Listen, like I said before, this blog is going to be real and raw ON BOTH ENDS. I’m not going to hide the wrong things I’ve done because I’m sure as hell not perfect. But let’s go back to that question, because it’s important. I did sleep with him when he was still living with his wife. I do want to be clear that he was on his way out. I know that doesn’t sound believable, but it’s true. I think this question and my answer leads me in to the first couple parts of my blog and that is: why people leave from the outside looking in. Read that again. From the outside looking in. I will be writing about what he told me, and then why I think he left. These are the parts that I think will piss people off the most. “Why does your opinion matter?” and “you weren’t involved in their marriage, you don’t know?” YES I DO! I’ve been deeply, deeply involved in their marriage now for the past year during this dragged out divorce. And if this is what their marriage was like (and according to multiple sources, it was) then I don’t blame him.

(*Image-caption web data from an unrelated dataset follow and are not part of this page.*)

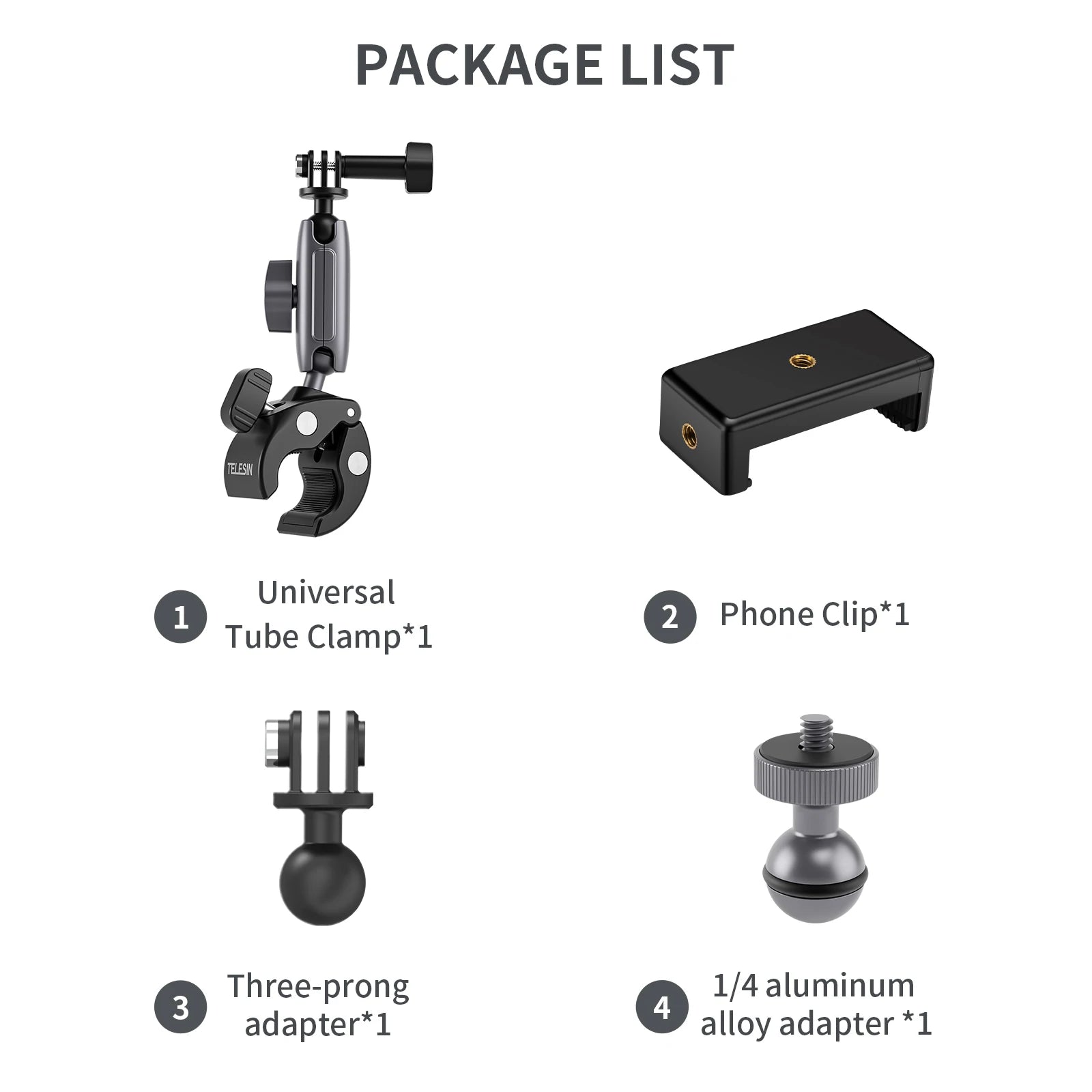 TELESIN Cycling Motorcycle Clip Magic Arm 360° Aluminum Alloy Super Clamp 1/4" Hole For Camera GoPro Mobile Phone Action Camera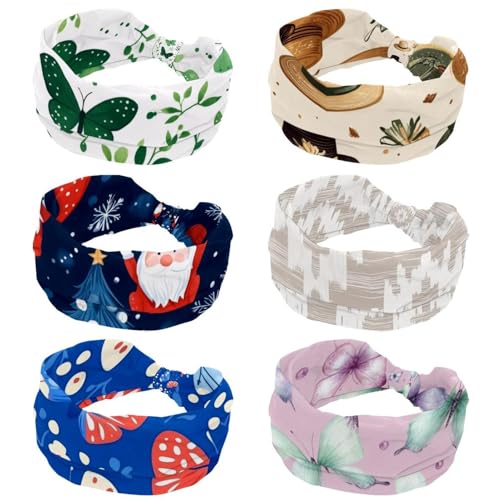 6 Pack Western Wild Cowboy Caps Muster Vintage Damen Stirnbänder Twisted Cross Haarband Weiche Schweiß Haarbänder Elastisch Breit Stirnband Haarschmuck von RODAILYCAY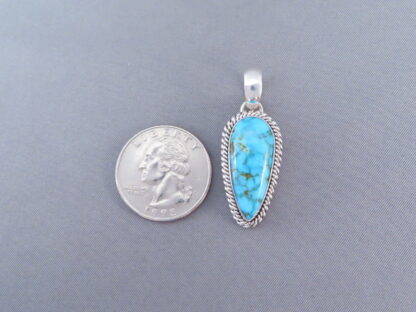 Slim Kingman Turquoise Pendant in Sterling Silver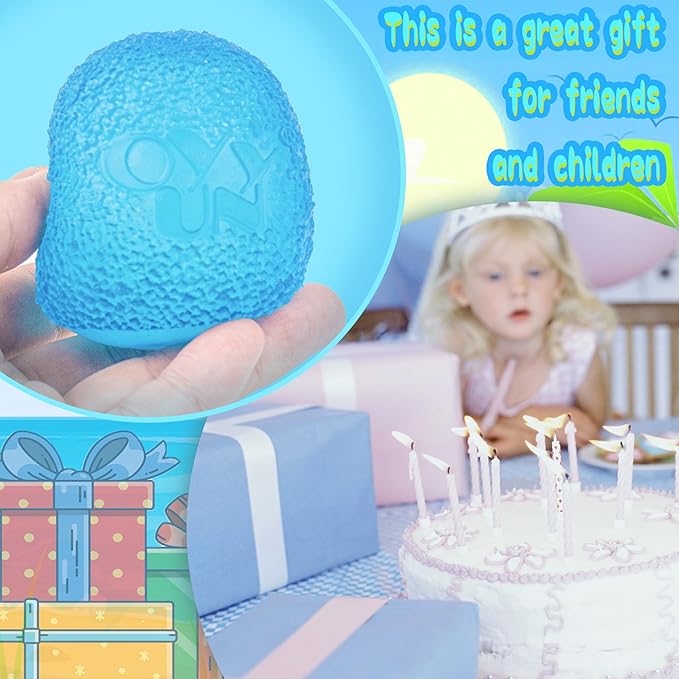 Textured Stress Ball - Fidget Toys for Anxiety Stress Relief, Hand Therapy Squishy Ball, Fidgets for Classroom Student, Fidget Toy for Kids Adults Children Teens (Blue Ellipsoid)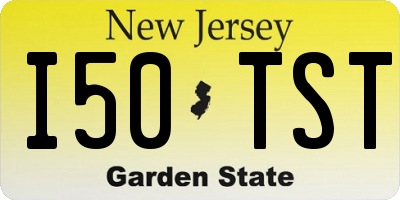 NJ license plate I50TST
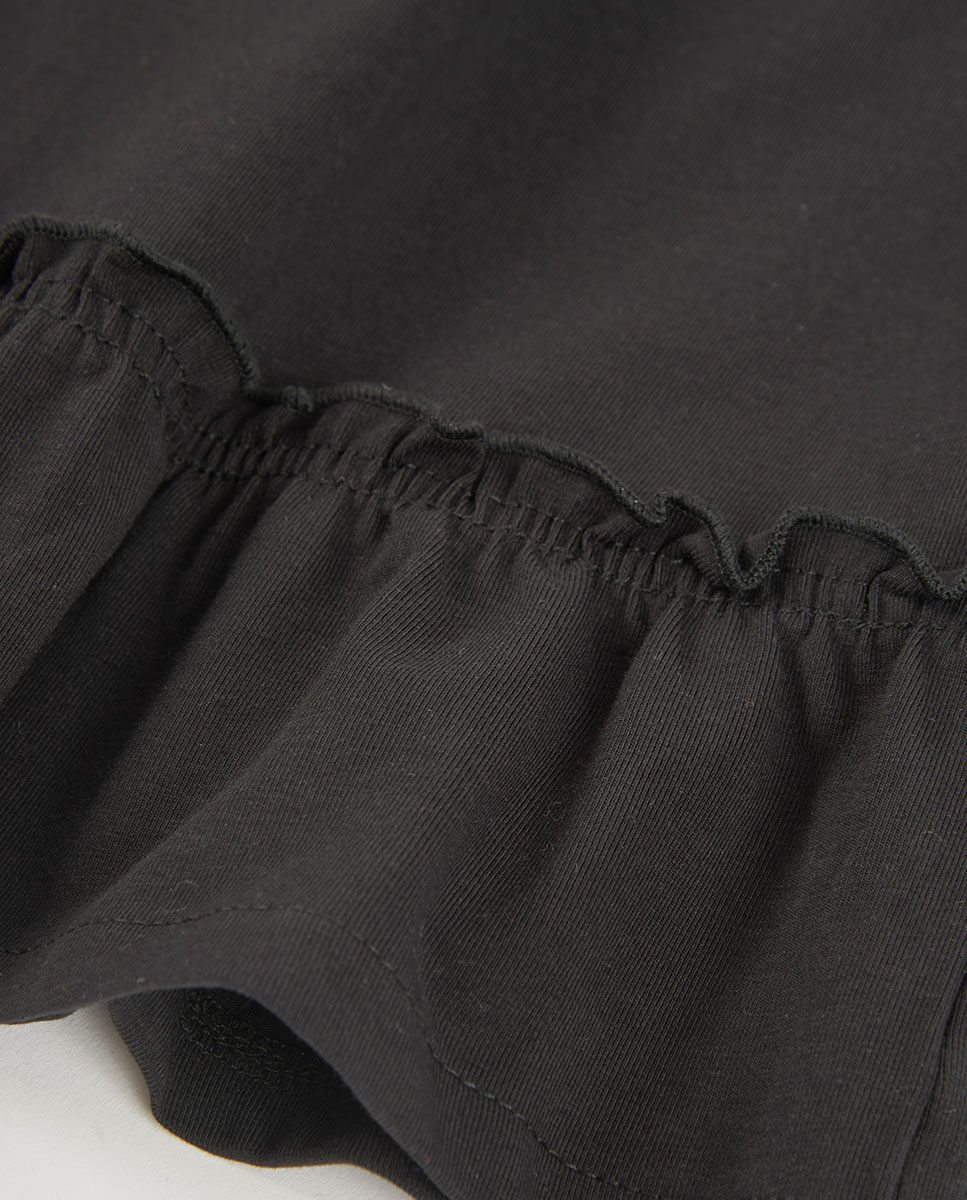 Vestido de Malha Elástica Infantil Preto / Verde-4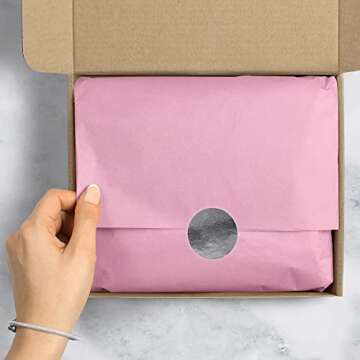 Jillson Roberts Bulk 480-Sheet Count 20" x 30" Recycled Tissue Paper Available in 30 Colors, Pastel Pink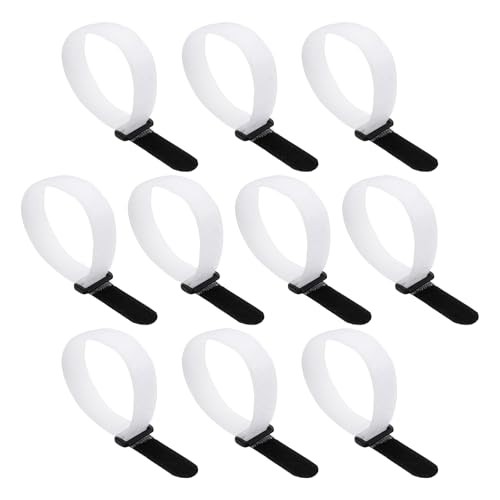 PATIKIL 0.8"x12" Reusable Cinch Straps, 10Pcs Adjustable Nylon Multipurpose Hook and Loop Cable Securing Straps with Plastic Buckle for Organizer Storage Cables Cords Ropes, White - color: White, size: 0.8" x 12"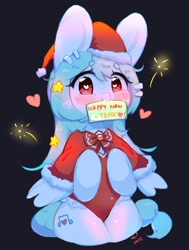 Size: 1546x2048 | Tagged: safe, alternate version, artist:bubbletea, imported from derpibooru, oc, oc only, oc:uki, pegasus, pony, blushing, christmas, happy new year, hat, heart, holiday, mouth hold, santa hat, solo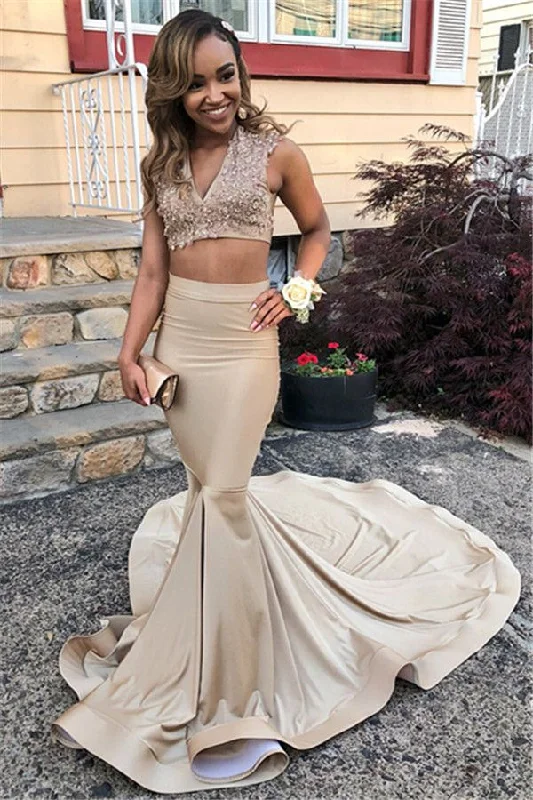 Two Pieces V-Neck Straps Sleeveless Lace Appliques Sexy Mermaid Floor-Length Prom Dresses Lace Dress Accent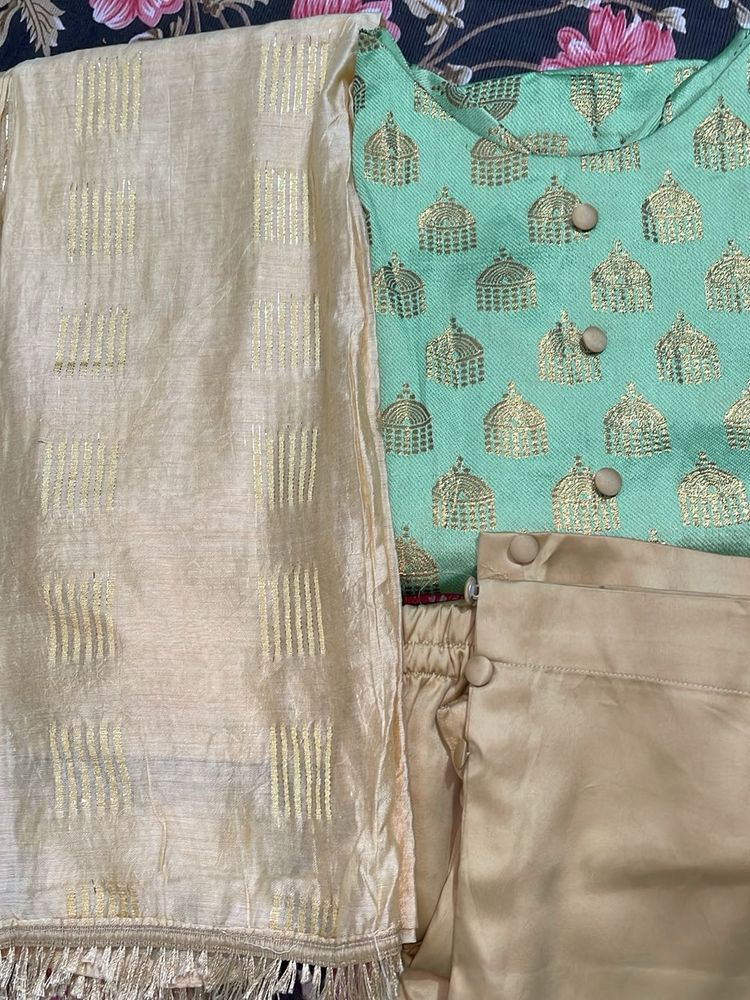 Mint Kurta N  Gold Plazo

All of this being said, I do promise to make this blog as unbiased as possible. My purpose of this whole thing is not only to express frustration that I’ve been bottling up inside, but to also relay a message and side of a situation that people don’t hear very often. I don’t think I can do that effectively by only sharing what SHE did wrong. Some would say, “good, that wouldn’t be fair.” No, that wouldn’t be EFFECTIVE in sharing the message I want people to understand. Because at the end of the day, and what you will learn just as I did through this whole process, nothing is ever fair. The word “fair” is circumstantial and is never based on equality. I will leave you with this:
“What’s equal is not always fair, and what’s fair is not always equal.”